Sometimes, one-way is the way to go

You can purchase individual one-way trips on separate airlines, which can sometimes work out cheaper than a return flight – just compare the difference. However, if you’re traveling across international borders, both check-in and border control require proof of return, so bring all the required documentation with you on your journey.

Clear your cookies just in case

There’s a theory that airlines – as with any other website you’ve been browsing – can use cookies to track your searching habits and hike up the prices because they know you’re interested. It’s still not clear the extent to which companies use this information, so it’s always worth habitually clearing your cookies and history through your browser’s settings before you book.

Points can be put to good use

Racked up a whole load of points on your credit card and don’t know what to do with them? A huge range of companies’ reward programs, such as American Express Membership Rewards and Citibank ThankYou, can be redeemed in exchange for air travel and hotel stays across the globe. Your loyalty towards your credit card could pay for your next city break!

Discount codes are available – but you’ll have to dig

For those who like online shopping, you’ll be no stranger to searching for valid discount codes. Sites like Groupon, Voucher Codes and vouchercloud can often have loads of hidden deals to trim a bit off the final price.

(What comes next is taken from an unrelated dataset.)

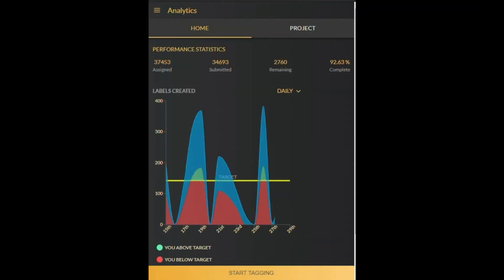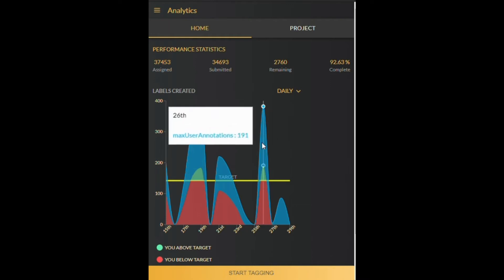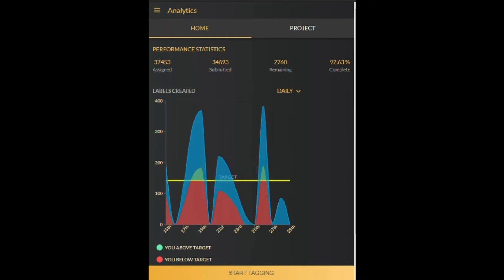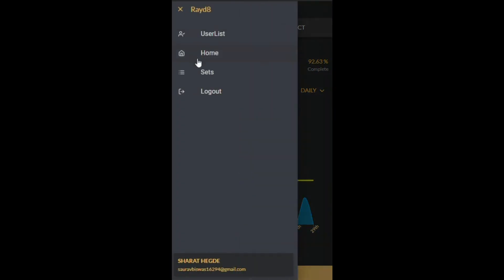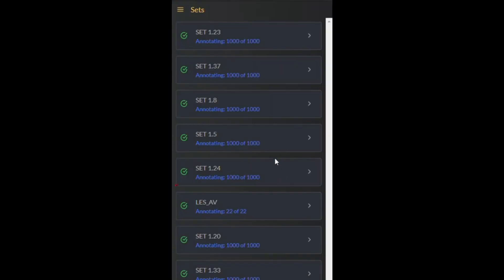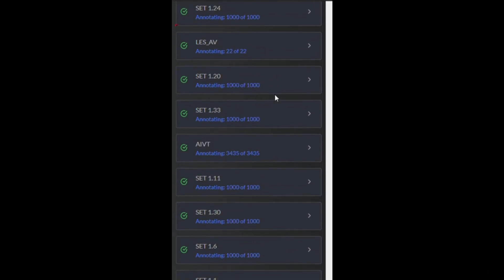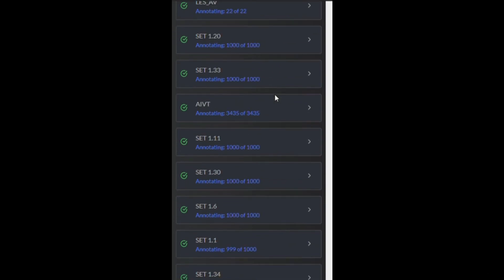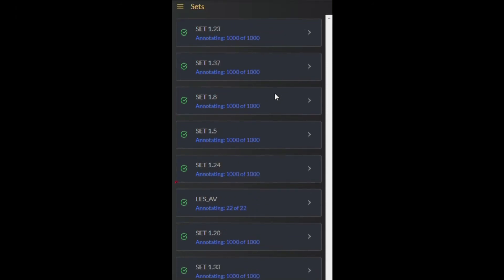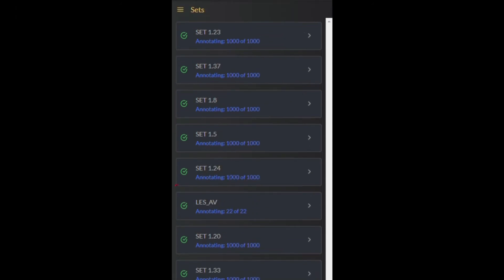The analytics on the landing page show the pending and completed images. The graph shows the maximum number of images annotated by other users in real time and gives a daily target setting. These imaging datasets are generally in the range of thousands, so we chunked them into sets each containing a thousand images or less, which a grader can complete within two weeks.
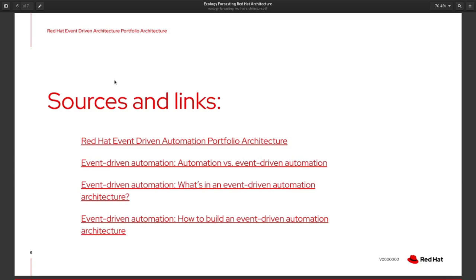There are many links describing event-driven automation that I'll put in the video description. I hope this was helpful to see what this project is all about and what we'll be building out on an OpenShift cluster, and how it can make an impact on the ecology of our planet through open source and enterprise-grade open source software on Red Hat OpenShift. Stay tuned for a lot more about this project, and thanks for watching!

Same companies, different rates

If you’re booking a package with a big name operator it’s worth checking there aren’t other companies within the same group offering the same holiday at a lower price. A good example of this in the UK is First Choice and TUI. They’re two brands owned by the same company and regularly have the same hotels in their repertoire but at slightly different prices. It’s worth checking both websites as you can often shave some cash off the total price of your holiday.

Kids can go free

Is your vacation a family affair? Some operators can get you a free child’s place for every two full-paying adults. All you have to do is ask!

The value of package deals shouldn’t be underestimated

Sometimes it’s worth booking a package deal, even if you don’t want to use the hotel. There are success stories detailing experiences where people have booked flights and a hotel room, and it’s cost less than just booking the flights on their own. Worth a shot…

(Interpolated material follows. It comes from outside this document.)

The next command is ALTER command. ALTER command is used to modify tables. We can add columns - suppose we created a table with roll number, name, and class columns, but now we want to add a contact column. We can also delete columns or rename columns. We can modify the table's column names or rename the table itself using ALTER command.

Some agents will try the hard sell

Travel agents across the globe are usually only paid a basic wage, so they make most of their money from sales commission. Don’t want a package deal to a luxury Bali resort? Sadly if you don’t make your budget and preferences clear from the start, some may try and hard-sell an unwanted holiday to you. Write down on paper your expectations and a rough budget which you can keep referring back to.